The World Bank website states that only by eliminating pollution sources can the sea be preserved and health risks reduced. The World Bank financed the project with 87.5 million dollars in addition to the 6.4 million donated by the Global Environmental Facility. The rest was paid for by the Croatian government, reaching a total of 175 million dollars.
14 ecological wastewater treatment facilities installed
In practical terms, these measures have affected 23 municipalities and a total of 230,000 inhabitants, under the direction of the Ministry of Environmental Protection and the national hydrological agency (Hrvatske Vode). Fourteen new cutting-edge wastewater treatment facilities were opened; Branka Viduka, a technician from the site constructed in Zara, Dalmatia, explains that, “they work solely thanks to biological microorganisms, nothing else.

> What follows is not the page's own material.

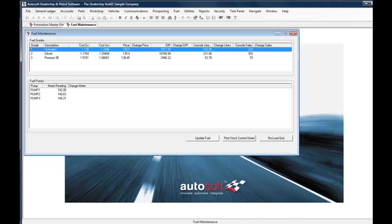As part of your fuel stock reconciliation you can utilize the fuel maintenance screen here to record and make adjustments to dip and console levels of fuels in stock and sold.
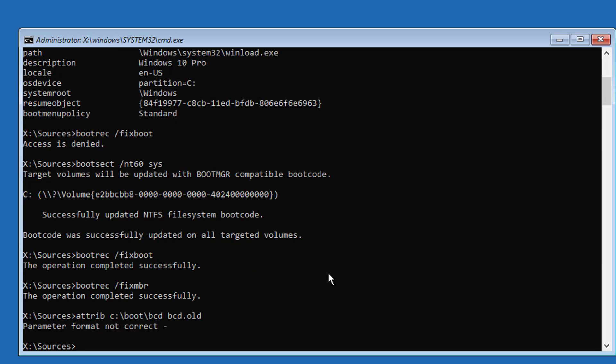Type attrib space c colon backslash boot backslash bcd space minus h space minus r space minus s.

A completely biological process.”
Then a 162 kilometre data collection network was built, increasing the amount of unprocessed wastewater collection from 29 per cent in 2009 to 72 per cent in 2016. Furthermore, twelve underwater probes were installed. Alenka Turkovic, specialist from the depuration station in Opatija on the Istrian peninsula, stated that: “The biggest problems are buildings which are directly on the coast, but not connected to the system, and which have their own outlets into the sea. With the construction of the wastewater treatment system, those have disappeared and the quality of the water where people bathe is excellent.”